CHARACTERIZATION OF GDNF ALPHA 1 (GFR ALPHA 1) RECEPTOR
GDNF ALPHA 1 (GFR ALPHA 1) 受体的特征
基本信息
- 批准号:6103922
- 负责人:
- 金额:--
- 依托单位:
- 依托单位国家:美国
- 项目类别:
- 财政年份:
- 资助国家:美国
- 起止时间:至
- 项目状态:未结题
- 来源:
- 关键词:
项目摘要
Glial cell line-derived neurotrophic factor (GDNF)
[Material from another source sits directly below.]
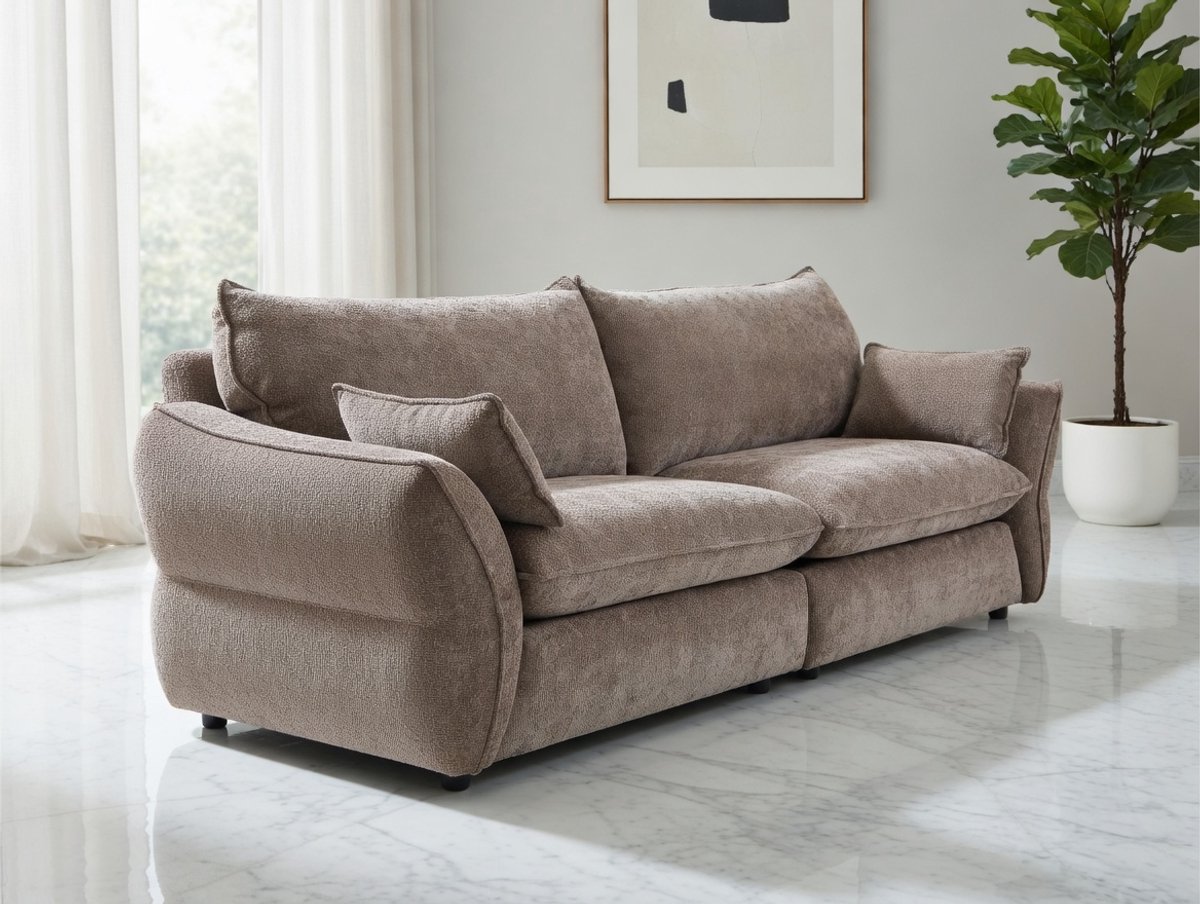 VELMORA Luxe 3-Zits Bank Taupe Chenille – Zachte Design Bank met Veren Vulling, Afneembare Kussens en Armleuningen – Moderne Comfort Bank voor Woonkamer – NoviHome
rescues motoneurons and nigral dopaminergic (DA) cells from
induced cell death in different species of animals. In addition,
GDNF results in a remarkable improvement of behavioral functions
in Parkinsonian monkeys. A high affinity receptor for GDNF has
been cloned (GFR alpha 1), whose pattern of expression indicates
that it is not restricted to those brain areas containing motoneurons
and DAergic cells, suggesting that GDNF might activate several
sub-types of cells. To identify the phenotype of GFR alpha 1
expressing cells, we used a combination of anatomical techniques
and found that GFR alpha 1 is expressed in defined populations of
cells. As expected, we found that GFR alpha 1 is expressed in
DAergic cells of the substantia nigra compacta (SNC) and the
ventral tegmental area. In addition, GFR alpha 1 is expressed in
GABAergic cells located either in the lateral SNC or in the
substantia nigra reticulata (SNR). These GABAergic cells are more
abundant in the caudal levels of the SNR. Our results suggest that
GDNF-induced improvements in the behavior of hemi-parkinsonian
animal models might be also mediated by GDNF actions on
GABAergic cells in the SNR. We will use a hemi-parkisonian rat
and a mouse model to test this hypothesis. Within the hippocampal
formation, GFR alpha 1 expressing cells are either glutaminergic
(subicular, pyramidal and granule cells) or GABAergic
(interneurons). The glutaminergic subicular neurons constitute a
major excitatory input to the nucleus accumbens(NAcc), suggesting
that actions of GDNF on subicular GFR alpha 1 expressing cells
might result in regulation of cells located in the Nacc. We propose
to investigate the nature of these cells. We found that hippocampal
GABAergic cells expressing GFR alpha 1 contain the Ca2+-binding
protein parvalbumin (PV). Furthermore, most of the hippocampal
neurons that contain PV express GFR alpha 1. As PV interneurons
are the main source of nerve growth factor (NGF) in the
hippocampus (71% of NGF positive cells contain PV), we will
investigate to what extent GDNF, via its GFR alpha 1 might
regulate the expression of NGF in PV containing cells. Published
results show that either GDNF- (GDNF-/-) or GFR alpha 1-
(GFRa-1-/-) deficient mice lack kidneys and die one day after birth.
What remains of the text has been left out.